◆ Try it ◆
There is a line containing "Two surgeons are" in the entries below. Repeat that line and every line after it exactly, and nothing more.

◆ Data provided ◆
Start of Block

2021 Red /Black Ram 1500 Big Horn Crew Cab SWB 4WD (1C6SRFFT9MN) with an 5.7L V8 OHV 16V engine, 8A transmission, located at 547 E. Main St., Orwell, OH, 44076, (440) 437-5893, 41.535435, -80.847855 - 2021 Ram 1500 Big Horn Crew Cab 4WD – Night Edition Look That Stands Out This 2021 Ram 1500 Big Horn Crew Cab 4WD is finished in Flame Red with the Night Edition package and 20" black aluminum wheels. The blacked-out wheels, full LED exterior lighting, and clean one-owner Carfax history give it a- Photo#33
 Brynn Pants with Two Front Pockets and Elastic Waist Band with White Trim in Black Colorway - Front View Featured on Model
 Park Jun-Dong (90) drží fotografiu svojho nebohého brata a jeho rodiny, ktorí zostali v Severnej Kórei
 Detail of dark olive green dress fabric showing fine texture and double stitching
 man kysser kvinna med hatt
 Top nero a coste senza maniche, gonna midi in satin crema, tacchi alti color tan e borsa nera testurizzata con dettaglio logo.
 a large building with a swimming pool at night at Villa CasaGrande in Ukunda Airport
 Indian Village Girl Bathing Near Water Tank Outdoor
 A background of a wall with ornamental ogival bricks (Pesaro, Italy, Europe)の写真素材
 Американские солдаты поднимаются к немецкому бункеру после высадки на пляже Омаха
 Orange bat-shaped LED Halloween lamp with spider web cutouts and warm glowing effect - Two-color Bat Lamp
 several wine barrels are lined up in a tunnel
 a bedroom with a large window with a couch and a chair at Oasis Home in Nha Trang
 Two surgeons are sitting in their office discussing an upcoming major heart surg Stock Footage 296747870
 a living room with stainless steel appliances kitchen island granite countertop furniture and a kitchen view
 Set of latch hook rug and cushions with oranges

End of Block

◆ Written response ◆
 Two surgeons are sitting in their office discussing an upcoming major heart surg Stock Footage 296747870
 a living room with stainless steel appliances kitchen island granite countertop furniture and a kitchen view
 Set of latch hook rug and cushions with oranges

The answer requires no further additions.